Also from the FuzzDog comments; try changing R5 from 10k to 17k. That's supposed to solve the volume drop issues and probably gives you a little extra when 'Depth' is fully cranked. If you make the that change, you might as well also use a 5k pot for 'Depth'. No reason for that special value pot except to bring the gain slightly up.

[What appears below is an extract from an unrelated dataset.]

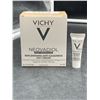 Image 1 : Vichy Neovadiol Post-Menopause Replenishing Anti-Sagginess Day Cream (15 x 3ml)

Disclaimer: I haven't tried these mods yet.


----------



## NKCPedals

I have a 5k on the depth, no issues here. I was wondering if anyone could chime in a way to maybe get a shorter dwell minimum to really make this thing anything from a tight springy slap to a cavernous beast?


----------



## daeg

NKCPedals said:


> I have a 5k on the depth, no issues here. I was wondering if anyone could chime in a way to maybe get a shorter dwell minimum to really make this thing anything from a tight springy slap to a cavernous beast?


TLDR; no.

The way it's designed, you'll never be able to get a slap. The signal goes from a delay with a minimum of 30ms (IIRC) and then into a pseudo reverb chip with a non-adjustable 2.85 seconds of delay time. You can turn Dwell to zero to kill any regeneration, but then you'll still have about 3 second of happenings happening.

It wouldn't be impossible to route the delay around the reverb, but then you'd need extra controls, and you simply can't fit much more in a 125B enclosure with the Belton Brick IC.


----------



## daeg

Also, I built the Spirit Box with a few of the mods suggested in Fuzzdogs comments. If I were to build another I'd do whatever mod was suggested to bring up the output volume a little. The mod to increase max regen was kind of pointless because once it starts to do runaway feedback the volume goes through the roof and becomes unusable. You could add some clippers at the PT2399 input to limit the swing, but then you have a filtering section not designed for those harmonics.

After months of tinkering, I decided the Ghost Echo simply sounds as good as any PT2399 reverb is going to get. Especially in the 125B footprint. It _does_ sound surprisingly good, so try to enjoy it for what it is.


----------